Mohon tunggu...
Muchsin Ridlo
Muchsin Ridlo Mohon Tunggu... Konsultan - Teaching & Learning Expert | School Branding & Marketing Strategist

Penyuka kopi hitam tanpa gula, segala hal tentang pendidikan serta pembaca sekaligus penulis.

Selanjutnya

Tutup

Pendidikan Pilihan

Guru Beprestasi = Murid Berprestasi?

24 Juli 2024   20:17 Diperbarui: 24 Juli 2024   20:32 64
+
Laporkan Konten
Laporkan Akun
Kompasiana adalah platform blog. Konten ini menjadi tanggung jawab bloger dan tidak mewakili pandangan redaksi Kompas.
Lihat foto
Pendidikan. Sumber ilustrasi: PEXELS/McElspeth

Tulisan ini terinspirasi saat saya sebenarnya sedang mencari beberapa referensi tentang gaya belajar yang dianggap "mitos" sebab ada beberapa sumber menyatakan bahwa tidak ada (belum ada) penelitian yang benar-benar menunjukkan korelasi antara gaya belajar dan hasil belajar yang diharapkan.

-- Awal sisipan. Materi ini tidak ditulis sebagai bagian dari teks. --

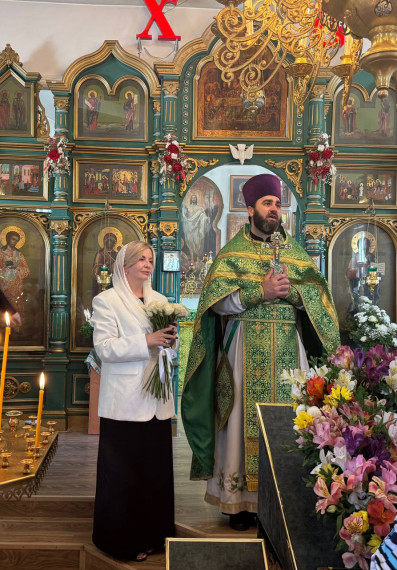 Православный мир отмечает сегодня один из главных христианских праздников — Троицу, символизирующую триединство Бога — Отца, Сына и Святого Духа. Православный мир отмечает сегодня один из главных христианских праздников — Троицу, символизирующую триединство Бога — Отца, Сына и Святого Духа.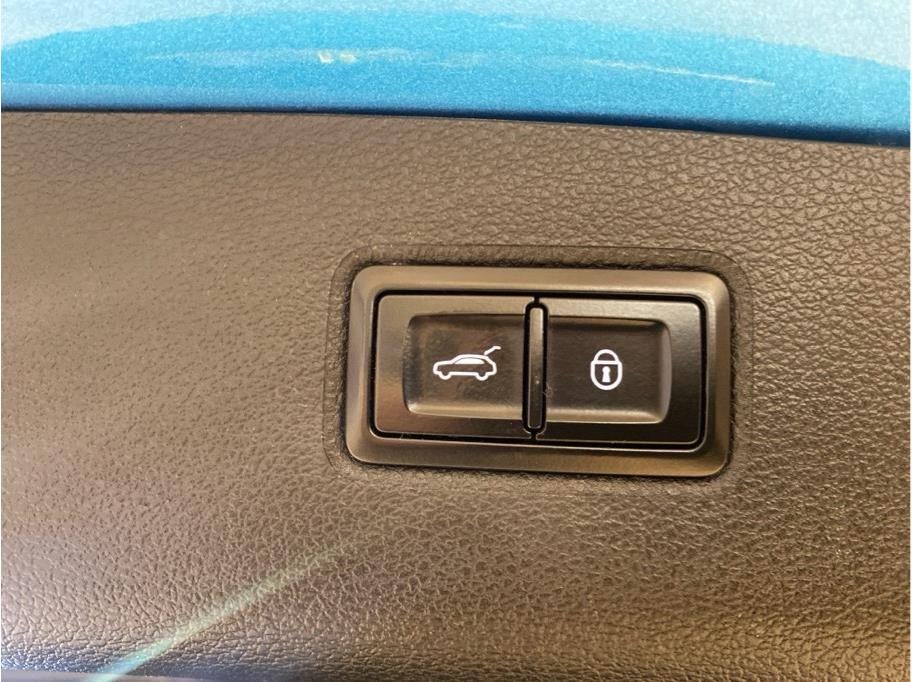 2020 Bentley Bentayga V8 Sport Utility 4D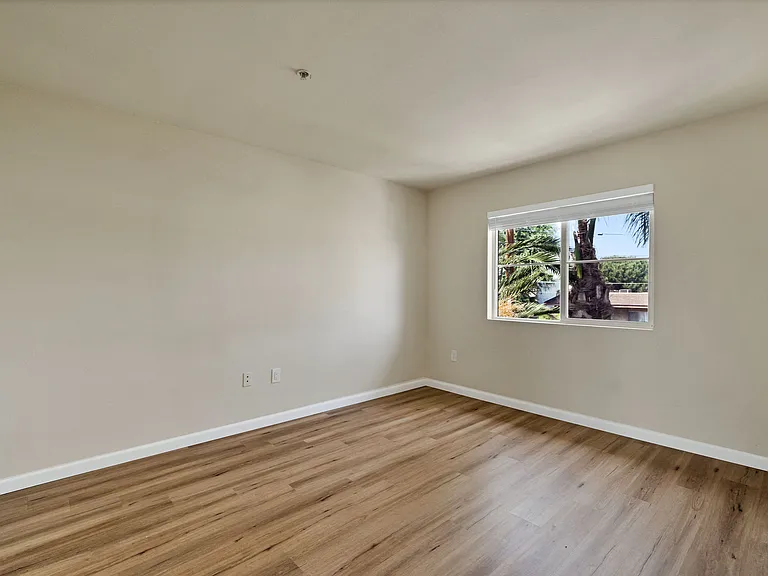 Toscana Apartments — Photo 11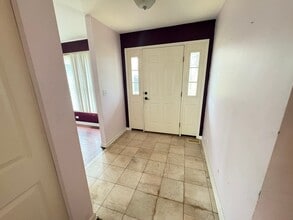 6N 730 Manor Rd in Itasca, IL - Building Photo - Building Photo
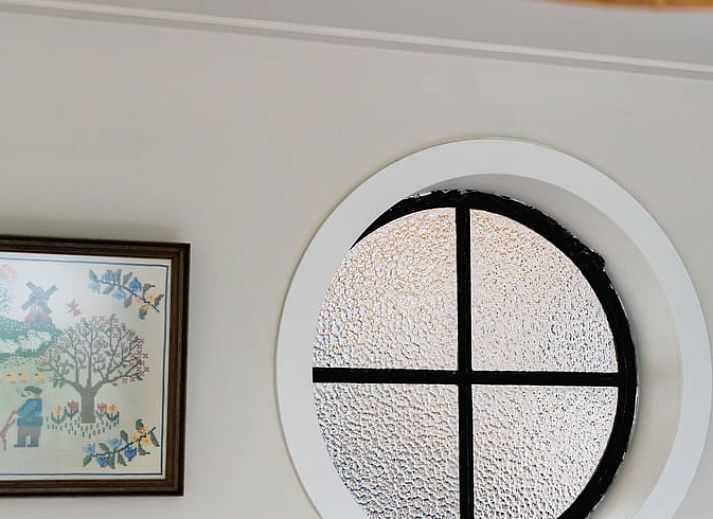 Eettafel met bloemenvaas in Vakantiehuis in Lewedorp, Zuid-Beveland, ideaal voor gezellige maaltijden.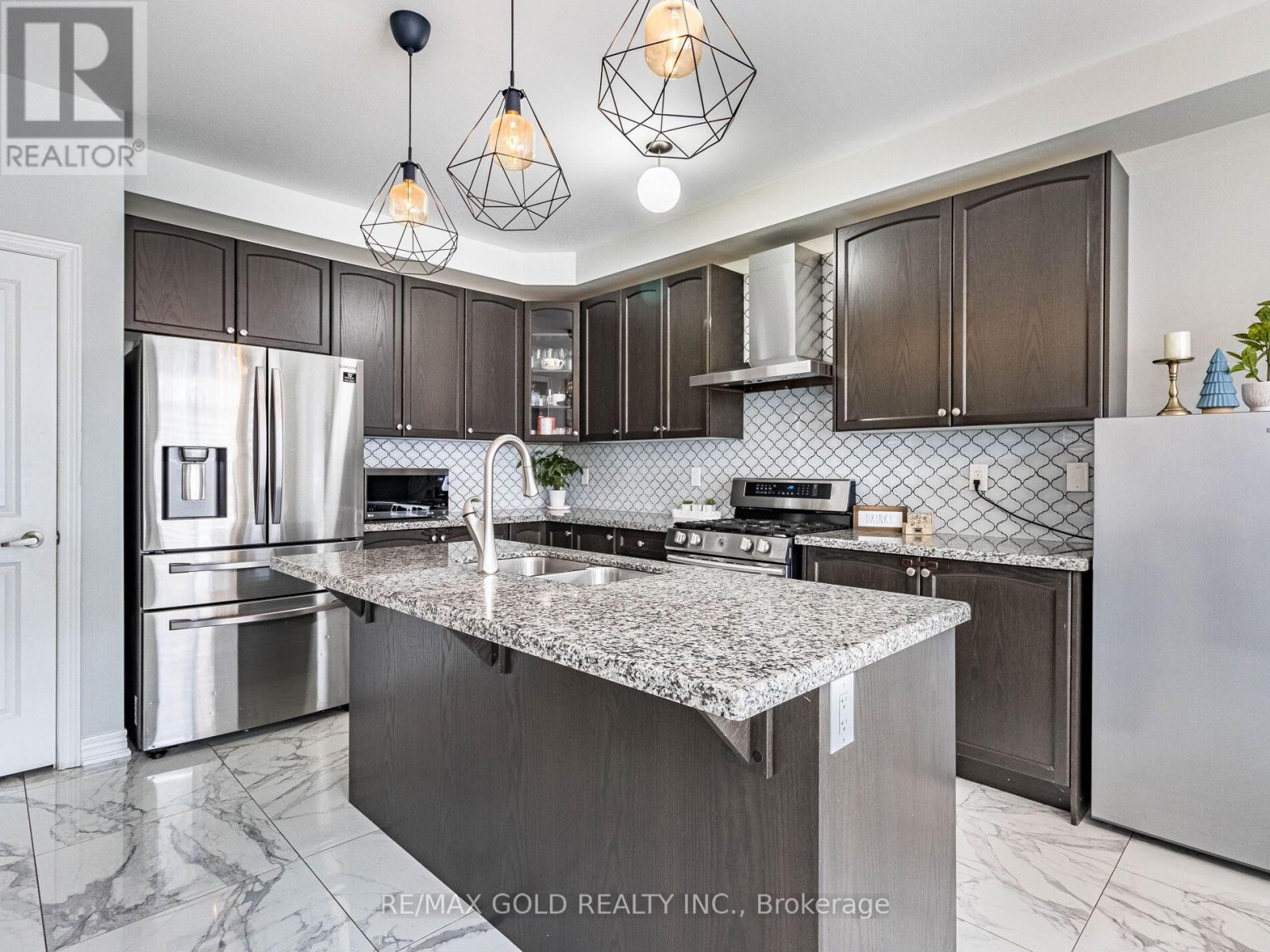 11 Clunburry Road, Brampton, Ontario  L7A 5B4 - Photo 13 - W12005716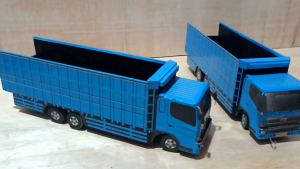 miniatur truk tronton hino 500 warna biru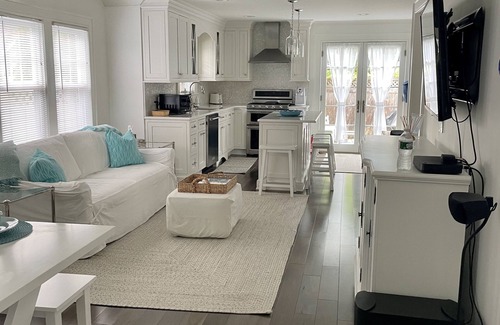 Bradley Beach House | Charming 2 bedroom 1 bath Beach Cottage located in Avon 4 blocks to the beach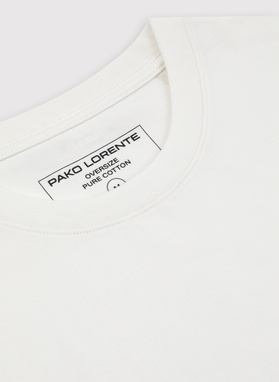 Balti didžiulio dydžio T marškinėliai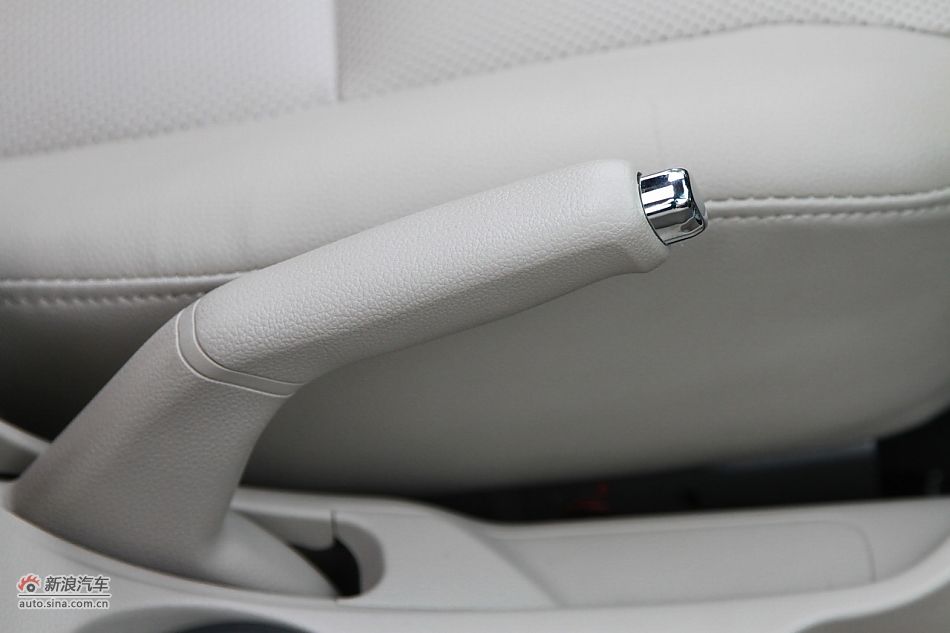 2012款东风悦达起亚K2 1.6L自动Premium两厢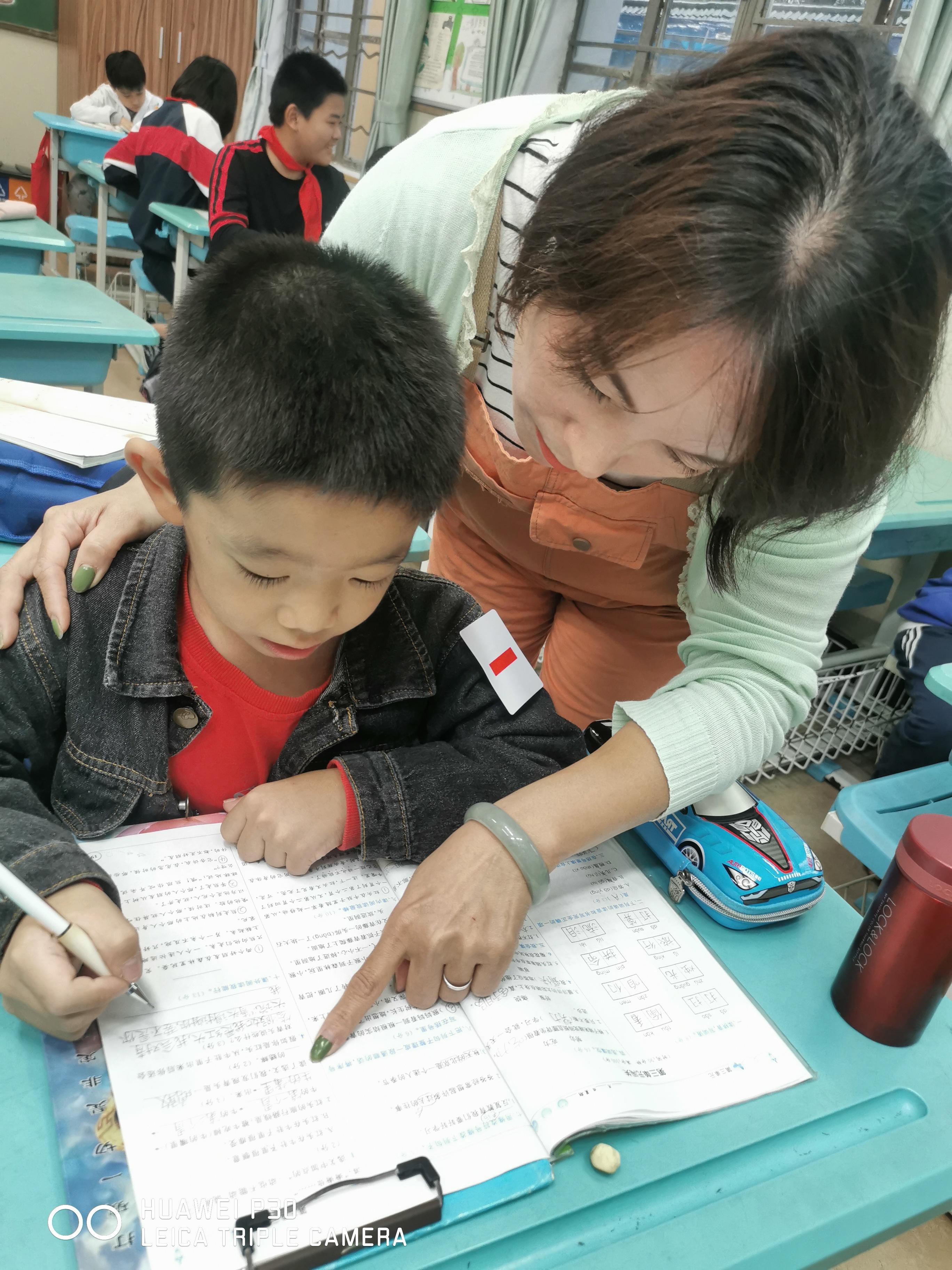 出乖露丑是什么生肖、谁来落实解答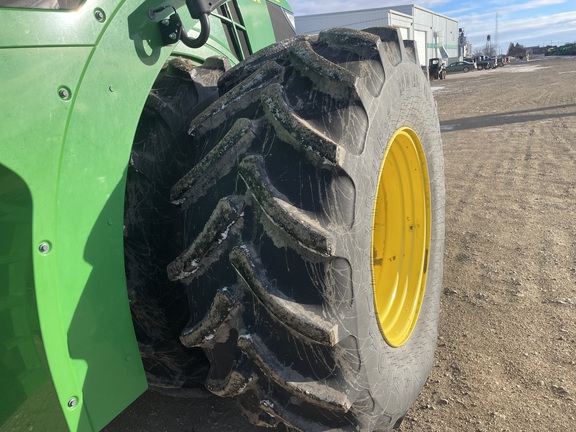 2021 John Deere 9520R Tractor 4WD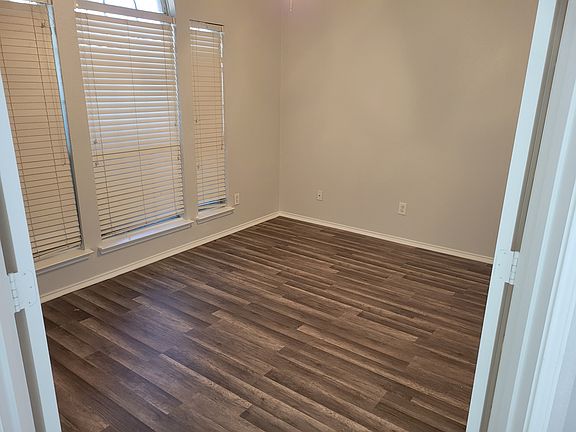 2nd image of 301 Prairie Gulch Dr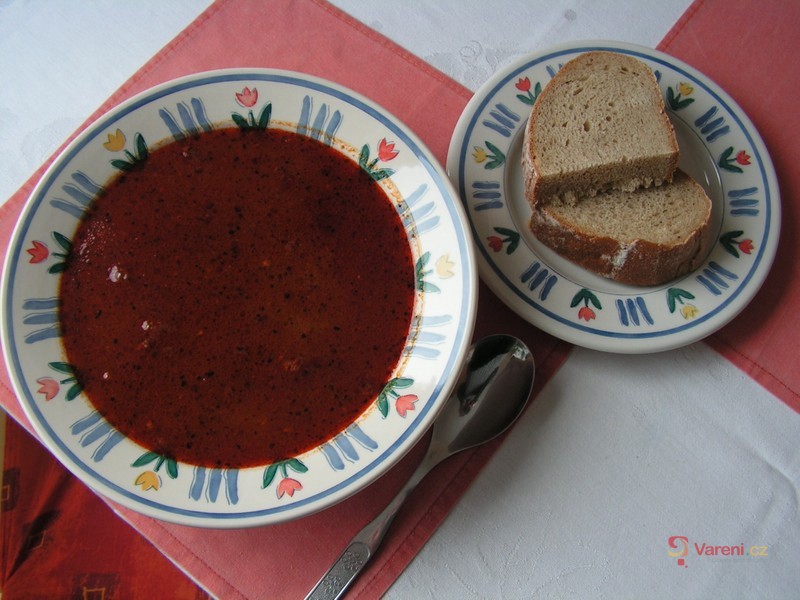 Gulášová polévka - fotografie 5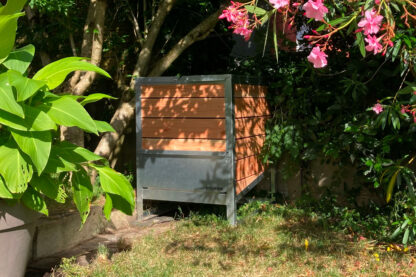 Composteur individuel Ekovore de 500 litres installé dans un jardin-potager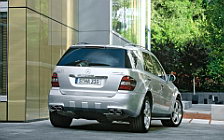   Mercedes-Benz ML63 AMG - 2005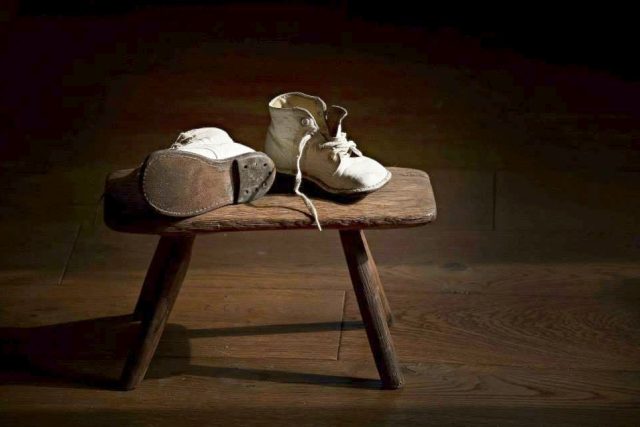 Děti vyrůstají ze svých bot a vyletí z hnízda  (ilustrační foto) | foto: Jiřina Šmídová,  Český rozhlas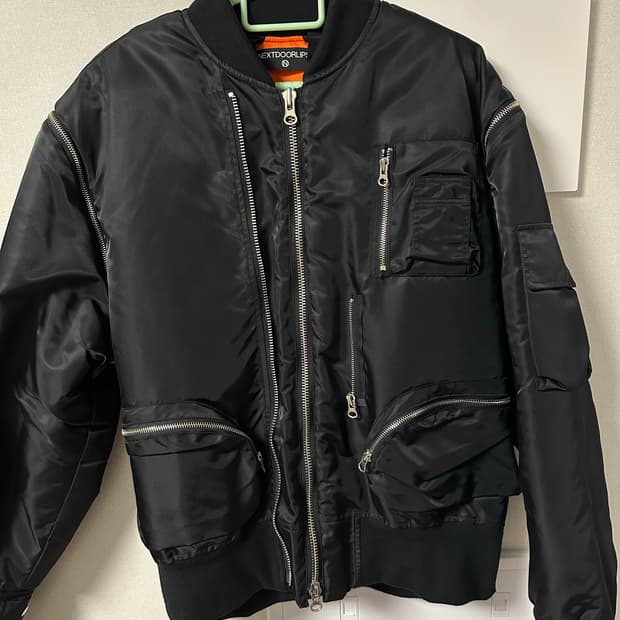 넥스트 도어립스 마원 봄버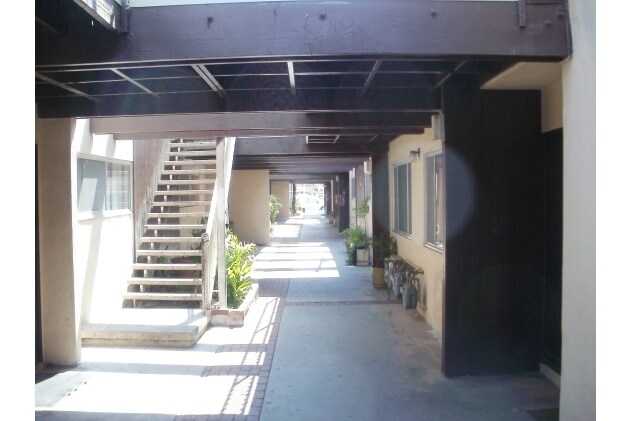 Foto del edificio - 16131 Eucalyptus Ave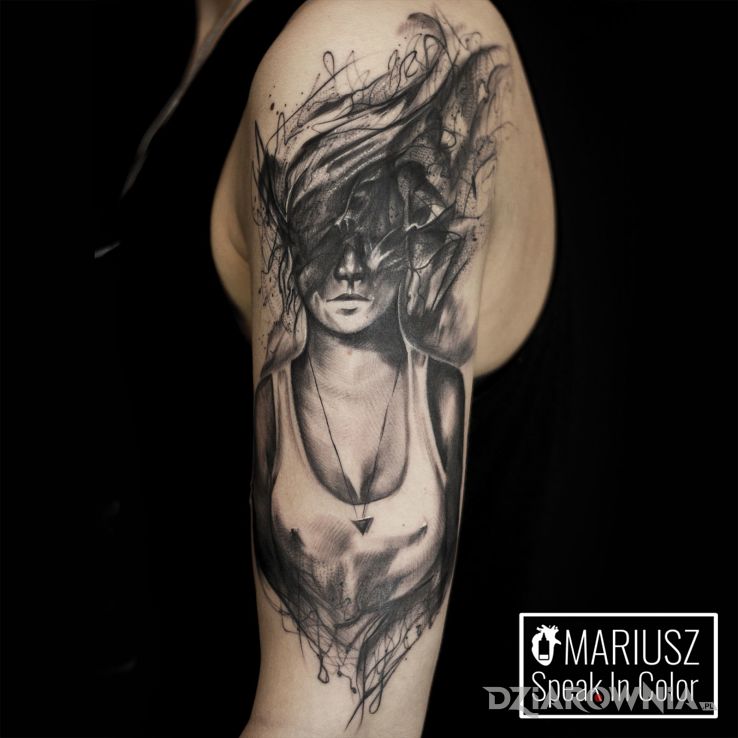 Tatuaż kobieta - anatomiczne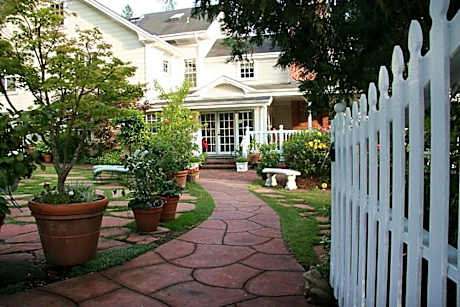 Inn at Occidental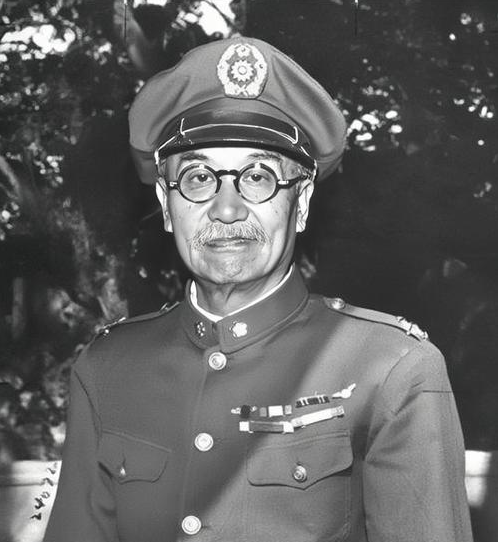 1914年，31岁的阎锡山，娶了14岁的小妾，洞房之夜，阎锡山对小妾说：“你躺下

Khusus untuk mitos tersebut akan kita bahas dikemudian hari ya?

Hari ini saya ingin mengajak anda untuk merenungkan kembali seperti judul artikel ini "Guru Berprestasi=Murid Berprestasi?".

Pertanyaan sekaligus pernyataan ini mungkin pernah atau sering anda dengar. Boleh jadi menjadi tuntutan di sekolah anda.

Pernyataan ini dulu juga sempat ditanyakan kepada saya melalui kolom media sosial dan sempat membuat saya sedikit minder.

Ada orang yang berkata bahwa saya belum pernah menjadi kepala sekolah, bagaimana bisa memberikan pendampingan kepada kepala sekolah?

Pernyataan ini mirip dengan "Apakah bisa menjadi pelatih yang hebat jika bukan dari pemain sepakbola yang hebat?"

Jika kita perhatikan, banyak fakta yang mengejutkan dibalik pernyataan tersebut dan memang benar adanya.

Pelatih hebat tidak selalu lahir dari pemain sepakbola yang hebat.

Sebaliknya, pemain sepakbola hebat, belum tentu bisa menjadi pelatih sepakbola yang hebat.

Mengapa?

Paling mendasar adalah perbedaan kompetensi dari kedua profesi tersebut.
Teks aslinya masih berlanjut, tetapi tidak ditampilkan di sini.